Aus der Traum von Olympia 2024 in Hamburg. Statt als Sieger gehen sie als Verlierer über die Ziellinie: DOSB-Präsident Alfons Hörmann, Bürgermeister Olaf Scholz und Sportsenator Michael Neumann (beide SPD) machten betretene Gesichter, als sie das für alle überraschende Nein beim Olympia-Referendum kommentieren mussten. "Man muss das Ergebnis akzeptieren, auch wenn man sich selbst ein anderes gewünscht hätte", sagte Scholz, der keine politischen Konsequenzen nach dem Referendum ziehen wird.

"Die Stadt Hamburg hat immer einen Weg in die Zukunft gefunden. Mein Herz war dafür, mein Verstand auch", sagte der enttäuschte Bürgermeister am Sonntagabend im Rathaus. Für Olympia-Kämpfer Neumann war das Ergebnis "unfassbar": "Ich werde noch tage- und wochenlang den Kopf schütteln."

"Rückschlag für Sport-Deutschland"

Auch Hörmann war enttäuscht: "Für Sport-Deutschland stellt der heutige Tag einen herben Rückschlag und Tiefschlag dar. Wir waren fest davon überzeugt, mit Hamburg die richtige Wahl getroffen zu haben."

Den Befürwortern der Hamburger Bewerbung und ihren 300 Gästen in der Barclaycard-Arena am Volkspark war die Stimmung gründlich verdorben worden. Die geplante Jubel-Party fiel aus. "Das Konzept hat gestimmt, aber die Begleitumstände konnten wir nicht beeinflussen. Wir haben gekämpft", sagte Nikolas Hill, Geschäftsführer der Bewerbungsgesellschaft für die Spiele 2024. "Das ist ein bitterer Tag für Hamburg und Sportdeutschland. Wir hatten ein wunderbares Konzept, das auch international stark beachtet worden ist", betonte der Vorstandsvorsitzende des Deutschen Olympischen Sportbundes (DOSB), Michael Vesper.

"Ich bin sehr enttäuscht und traurig, es wäre ein große Möglichkeit für die Stadt und die Bürger gewesen, so ein Projekt für die Zukunft zu gestalten. Das muss man erstmal verdauen", meinte Dietmar Beiersdorfer, Vorstandsvorsitzender des Hamburger SV.

"Große Chance verpasst"

Die Flüchtlingskrise, die Terroranschläge und die jüngsten Skandale in den großen Sportorganisationen hätten den Olympia-Machern nicht in die Karten gespielt, führte Olympia-Botschafter Alexander Otto an. "Die Umfragen sind nach den Ereignissen deutlich schlechter geworden.

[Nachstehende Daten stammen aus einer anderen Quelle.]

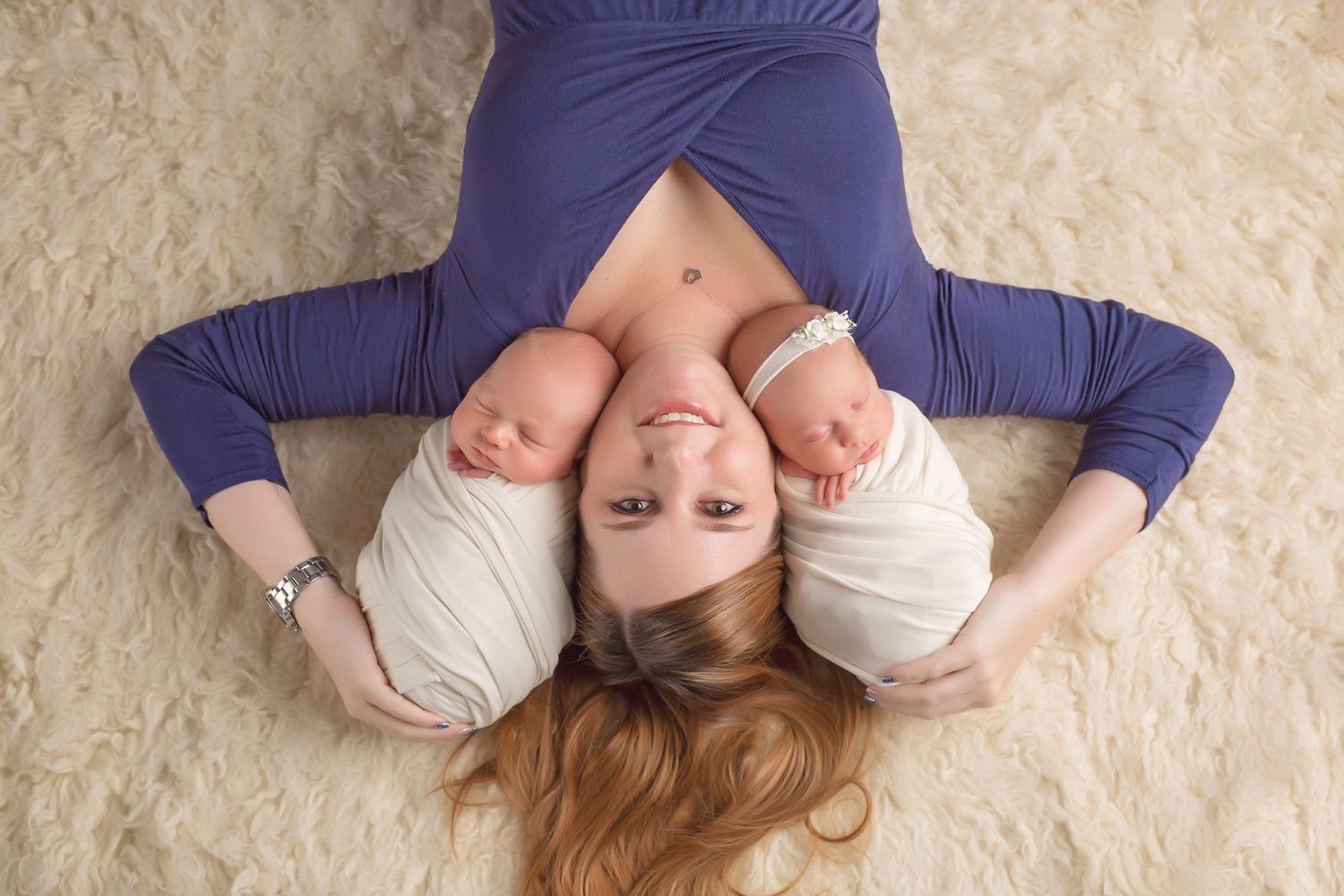 Studio portrait series on cream colored carpet with navy blue clothing. San Diego Newborn Photographer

Wir verpassen eine große Chance, die die Menschen zusammengeführt hätte", sagte der Hamburger Unternehmer, der eine private Unterstützer-Initiative angeführt hatte.

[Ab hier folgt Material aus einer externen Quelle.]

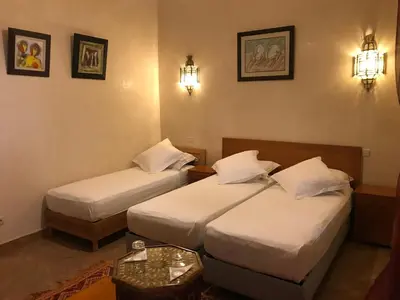 a hotel room with two beds and a table at Dar Tasnime in Marrakech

Mit Tränen in den Augen kommentierte Paralympics-Siegerin Kirsten Bruhn das Aus des Olympia-Traums in Norddeutschland: "Es enttäuscht mich, dass die Menschen nicht sehen, dass es um den Sport geht." Nach den geplatzten Olympia-Plänen sehe es düster aus für den Leistungssport in Deutschland, sagte die Schwimmerin. Und Hockey-Olympiasieger Christian Blunck ergänzte: "Für den deutschen Sport ist das ein Armutszeugnis."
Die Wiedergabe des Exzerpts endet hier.